Every small businesses from restaurants to nightclubs and beauty parlours won the right to insurance payouts on this Friday after Britain’s highest court ruled many policies should cover losses caused by coronavirus and the related lockdown. Some of the leading  commercial insurers including Hiscox, QBE, Argenta, RSA, Arch and MS Amlin argued that several policies did not cover widespread disruption after government efforts to curb the virus from the previous March.

However, the Supreme Court of UK unanimously dismissed appeals by the insurers after scrutinizing non-damage insurance policy clauses that mostly cover disease as well as the denial of access to business premises. The Financial Conduct Authority brought the closely-watched test case on behalf of policyholders in the previous June, saying it could affect 370,000 policyholders and 60 insurers, paving the way for an estimated 1.6 billion dollars in claims.

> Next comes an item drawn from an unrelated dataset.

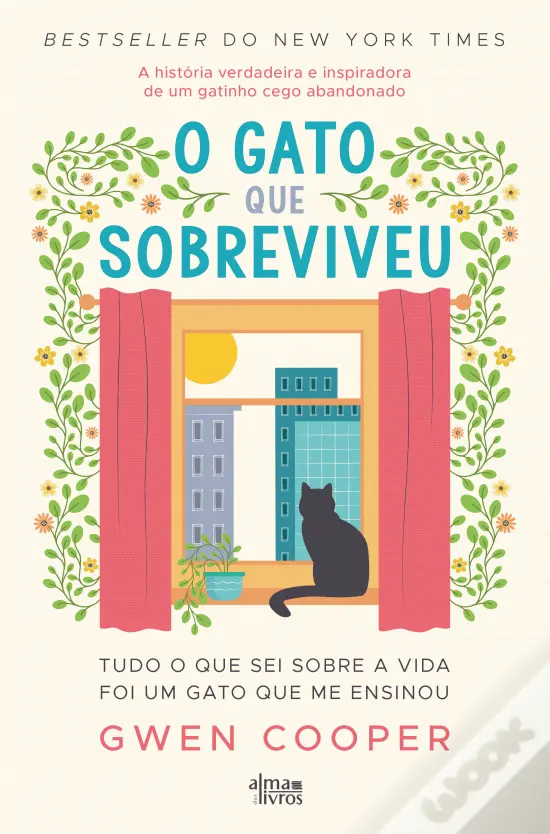 Capa do livro O gato que sobreviveu de Gwen Cooper- Clica na imagem para comprar com o nosso link de afiliado este, ou outros livros sobre gatos!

According to the chair of the Professional Association of Self-Caterers UK ,Alistair Handyside, he was delighted by a judgment that would mean survival for many amid a third lockdown. However, some policyholders are weary though. “It would appear we have won another battle this morning 10 months too late,” said Murray Pulman, who runs The Posh Partridge cafe in Dorchester, southwest England. “The war is not over, however,” he said. “Getting payment, compensation and costs… is another whole new fight which begins today.”